= Beginning of Section =

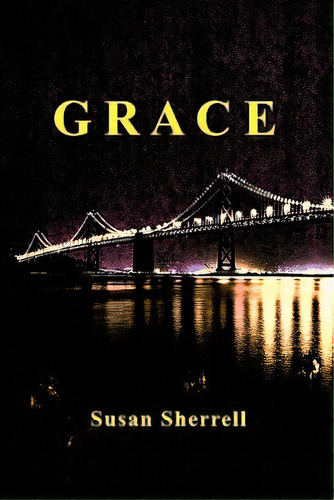Grace, De Sherrell, Susan. Editorial Workwomans Pr, Tapa Blanda En Inglés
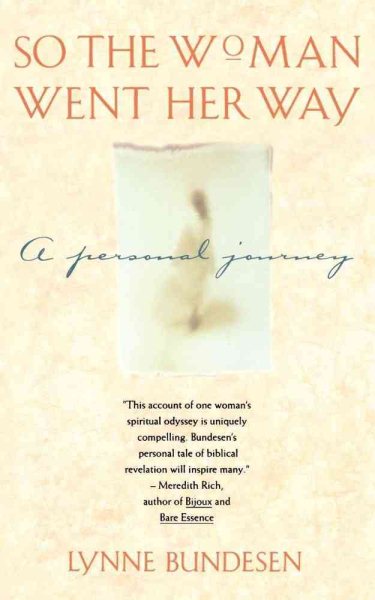 So the Woman Went Her Way: A Personal Journey cover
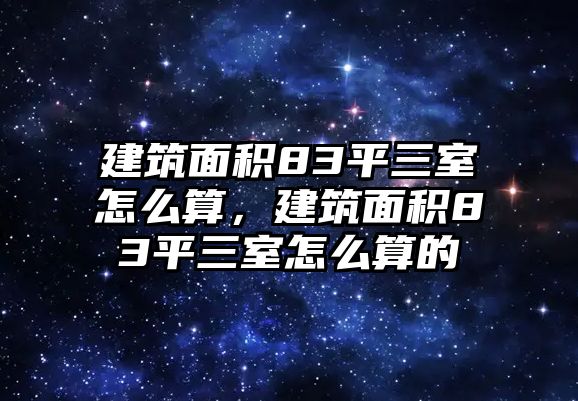 建筑面積83平三室怎么算，建筑面積83平三室怎么算的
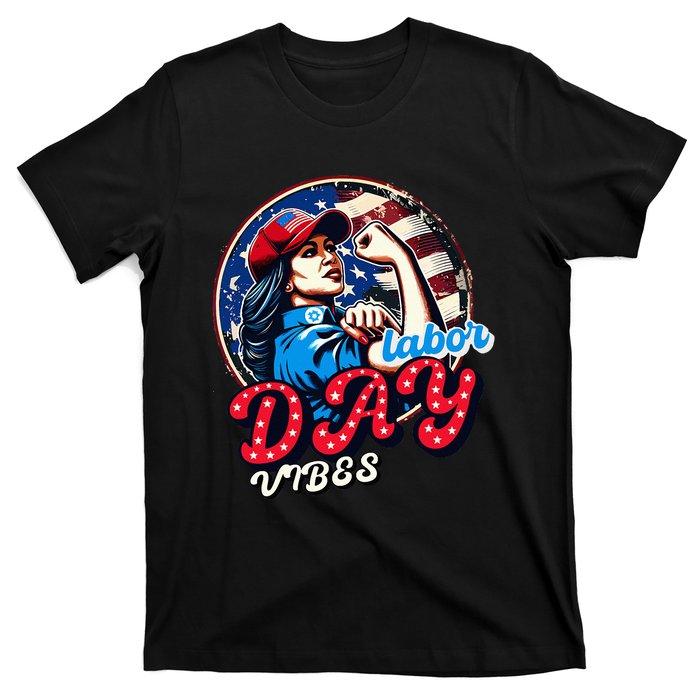 Kamala Harris President Happy Labor Day Vibes American Flag T-Shirt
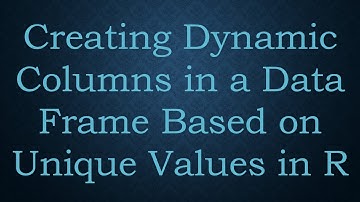 Creating Dynamic Columns in a Data Frame Based on Unique Values in R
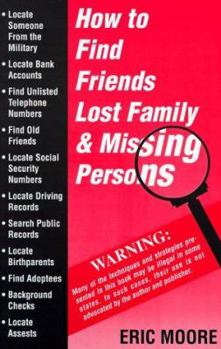 Paperback How to Find Friends, Lost Family, and Missing Persons Book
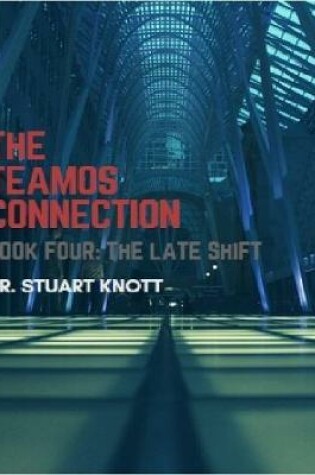 Cover of The Teamos Connection Book Four: The Late Shift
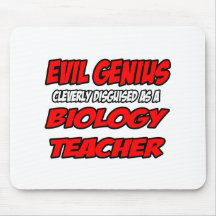 Evil Genius...Biology Teacher Mousemats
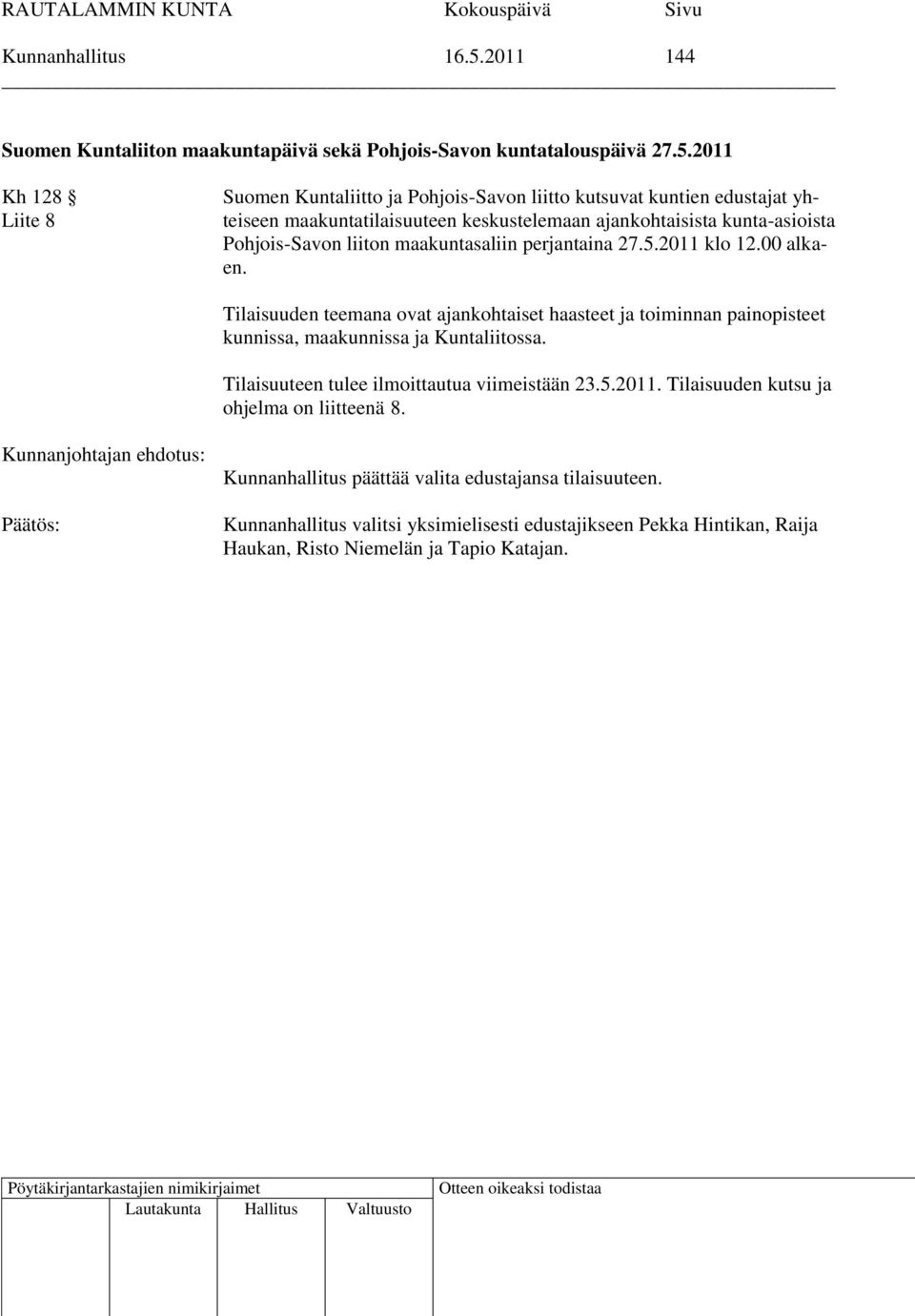 2011 Kh 128 Liite 8 Suomen Kuntaliitto ja Pohjois-Savon liitto kutsuvat kuntien edustajat yhteiseen maakuntatilaisuuteen keskustelemaan ajankohtaisista kunta-asioista Pohjois-Savon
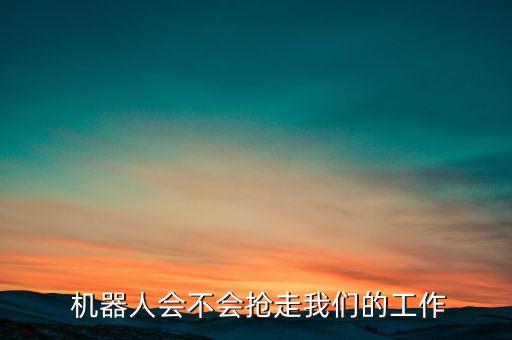  機(jī)器人會不會搶走我們的工作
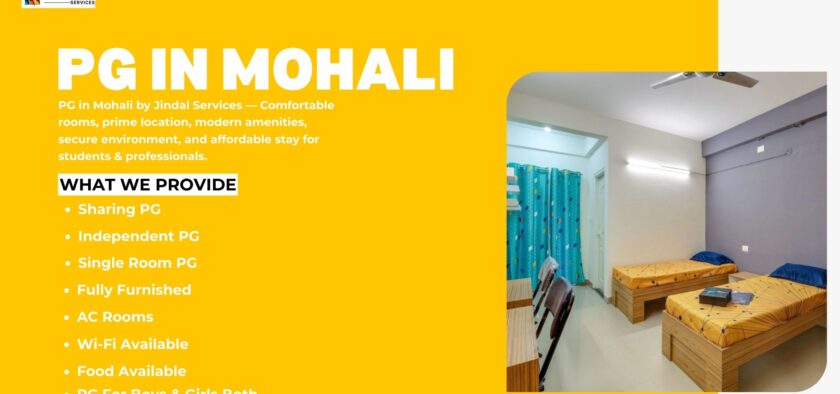 Comfortable & Affordable PG in Mohali by Jindal Services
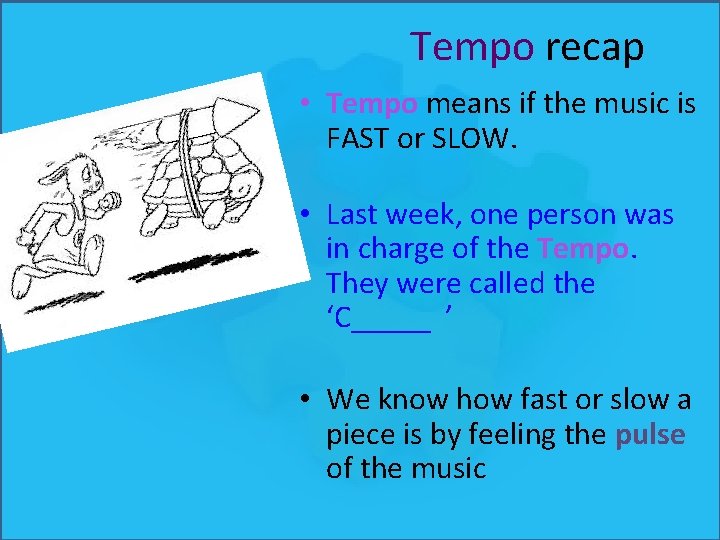 Tempo recap • Tempo means if the music is FAST or SLOW. • Last Tempo recap • Tempo means if the music is FAST or SLOW. • Last
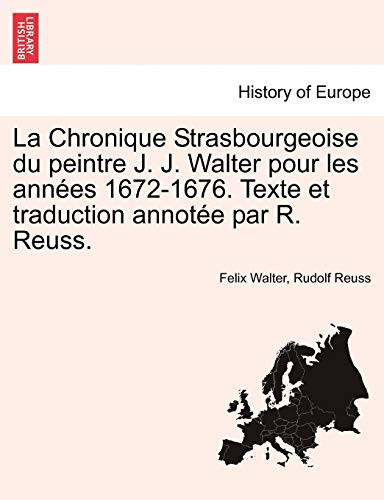 La Chronique Strasbourgeoise du peintre J. J. Walter pour les années 1672-1676. Texte et traduction annotée par R. Reuss. (French Edition)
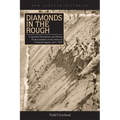 Diamonds in the Rough: Corporate Paternalism and African Professionalism on the Mines of Colonial Angola, 1917-1975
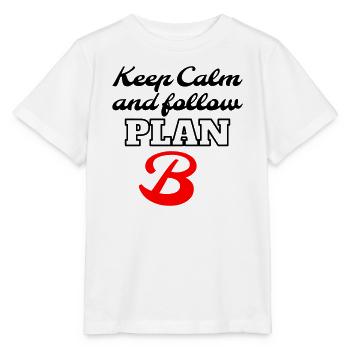 Keep Calm and Follow Plan B – Retro Lettering - Stanley/Stella Kinder T-Shirt MINI CREATOR  - Weiß - Vorne - Maike (125cm)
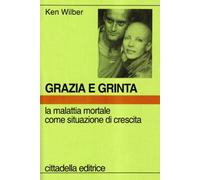 Grazia e grinta. La malattia mortale come situazione di crescita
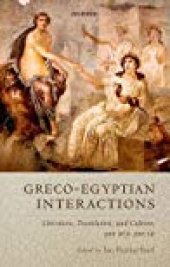 book Graeco-Egyptian Interactions: Literature, Translation, and Culture, 500 BC–AD 300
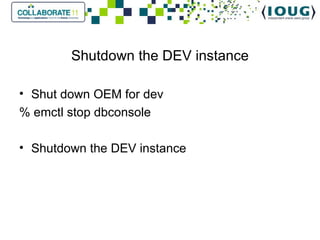 Shutdown the DEV instance Shut down OEM for dev % emctl stop dbconsole   Shutdown the DEV instance 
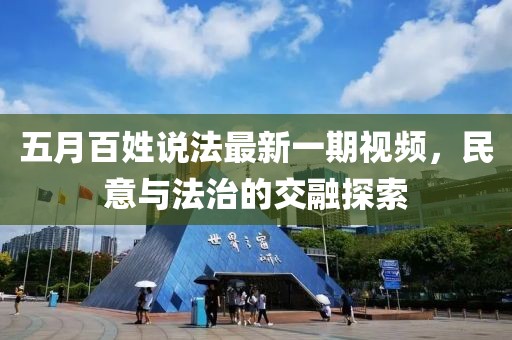 五月百姓说法最新一期视频，民意与法治的交融探索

= End of Section =

**ASSIGNMENT**: Starting at the first line of the material above and ending with the line that contains "Grazia e grinta.", reproduce every line exactly, and leave out the pictures.

**EXERCISE ANSWER**:
Grace, De Sherrell, Susan. Editorial Workwomans Pr, Tapa Blanda En Inglés
 So the Woman Went Her Way: A Personal Journey cover
 建筑面積83平三室怎么算，建筑面積83平三室怎么算的
 Kamala Harris President Happy Labor Day Vibes American Flag T-Shirt
 Creating Dynamic Columns in a Data Frame Based on Unique Values in R
 Paperback How to Find Friends, Lost Family, and Missing Persons Book
 Cover of The Teamos Connection Book Four: The Late Shift
 Evil Genius...Biology Teacher Mousemats
 2011 Kh 128 Liite 8 Suomen Kuntaliitto ja Pohjois-Savon liitto kutsuvat kuntien edustajat yhteiseen maakuntatilaisuuteen keskustelemaan ajankohtaisista kunta-asioista Pohjois-Savon
  機(jī)器人會不會搶走我們的工作
 Comfortable & Affordable PG in Mohali by Jindal Services
 Tempo recap • Tempo means if the music is FAST or SLOW. • Last Tempo recap • Tempo means if the music is FAST or SLOW. • Last
 La Chronique Strasbourgeoise du peintre J. J. Walter pour les années 1672-1676. Texte et traduction annotée par R. Reuss. (French Edition)
 Diamonds in the Rough: Corporate Paternalism and African Professionalism on the Mines of Colonial Angola, 1917-1975
 Keep Calm and Follow Plan B – Retro Lettering - Stanley/Stella Kinder T-Shirt MINI CREATOR  - Weiß - Vorne - Maike (125cm)
 Grazia e grinta. La malattia mortale come situazione di crescita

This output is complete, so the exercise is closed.